How does the algorithm handle highly imbalanced data in a response column?

Use the weights column for per-row weights if you want control.

First, the GBM algorithm is quite good at handling highly imbalanced data because it’s simply a partitioning scheme.

Second, we have noticed that our way of recalibrating probabilities after using balanced classes tends to underperform. (Probabilities wind up brought too far into the mean.) If nothing else, we can specify how that works a bit. A better option would be to indicate what it is useful for (not necessarily better calibrated probabilities, but usually a higher recall).

What if there are a large number of columns in the dataset?

GBM models are best for datasets with fewer than a few thousand columns.

What if there are a large number of categorical factor levels in the dataset?

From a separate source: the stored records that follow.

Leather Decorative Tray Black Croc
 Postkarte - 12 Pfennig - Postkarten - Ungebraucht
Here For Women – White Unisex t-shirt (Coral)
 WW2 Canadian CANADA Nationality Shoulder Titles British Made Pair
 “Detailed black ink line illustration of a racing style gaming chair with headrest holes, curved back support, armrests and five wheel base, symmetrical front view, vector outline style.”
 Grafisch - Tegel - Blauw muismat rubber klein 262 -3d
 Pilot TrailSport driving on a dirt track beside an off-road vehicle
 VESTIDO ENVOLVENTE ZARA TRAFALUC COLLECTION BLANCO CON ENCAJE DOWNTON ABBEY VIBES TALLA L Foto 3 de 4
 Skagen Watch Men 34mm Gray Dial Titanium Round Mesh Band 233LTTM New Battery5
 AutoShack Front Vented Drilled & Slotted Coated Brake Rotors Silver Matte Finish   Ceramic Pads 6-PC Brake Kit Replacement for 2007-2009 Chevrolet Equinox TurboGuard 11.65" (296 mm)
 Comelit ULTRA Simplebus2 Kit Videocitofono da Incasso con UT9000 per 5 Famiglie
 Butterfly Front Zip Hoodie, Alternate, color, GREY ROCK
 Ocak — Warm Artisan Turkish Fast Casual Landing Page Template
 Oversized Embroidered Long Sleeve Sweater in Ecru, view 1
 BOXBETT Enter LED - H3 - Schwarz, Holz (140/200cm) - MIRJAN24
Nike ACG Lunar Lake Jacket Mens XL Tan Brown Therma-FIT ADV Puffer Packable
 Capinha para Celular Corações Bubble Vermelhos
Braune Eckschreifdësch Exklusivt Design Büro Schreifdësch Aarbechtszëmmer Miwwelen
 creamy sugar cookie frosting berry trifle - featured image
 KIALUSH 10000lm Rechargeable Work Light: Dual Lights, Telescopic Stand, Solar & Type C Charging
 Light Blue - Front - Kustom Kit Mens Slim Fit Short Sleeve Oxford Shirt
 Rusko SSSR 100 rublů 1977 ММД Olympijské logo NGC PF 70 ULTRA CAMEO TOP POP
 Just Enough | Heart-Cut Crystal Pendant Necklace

Large numbers of categoricals are handled very efficiently - there is never any one-hot encoding.

What distribution can I use for my dataset?

Distribution options include the following:

AUTO

Bernoulli: the response column can be numeric or categorical

Multinomial: the response column must be categorical.

Gaussian: the response column must be numeric

Poisson: the response column must be numeric

Gamma: the response column must be numeric

Tweedie: the response column must be numeric

Laplace: the response column must be numeric

Quantile: the response column must be numeric

Huber: the response column must be numeric

What loss function is automatically chosen for each of these distributions?

By default, the residual deviance is minimized, which is the natural loss for Poisson, Gamma, Tweedie, Huber, etc. For Laplace, the residual deviance is the same as absolute error. For Gaussian, it’s the same as squared error.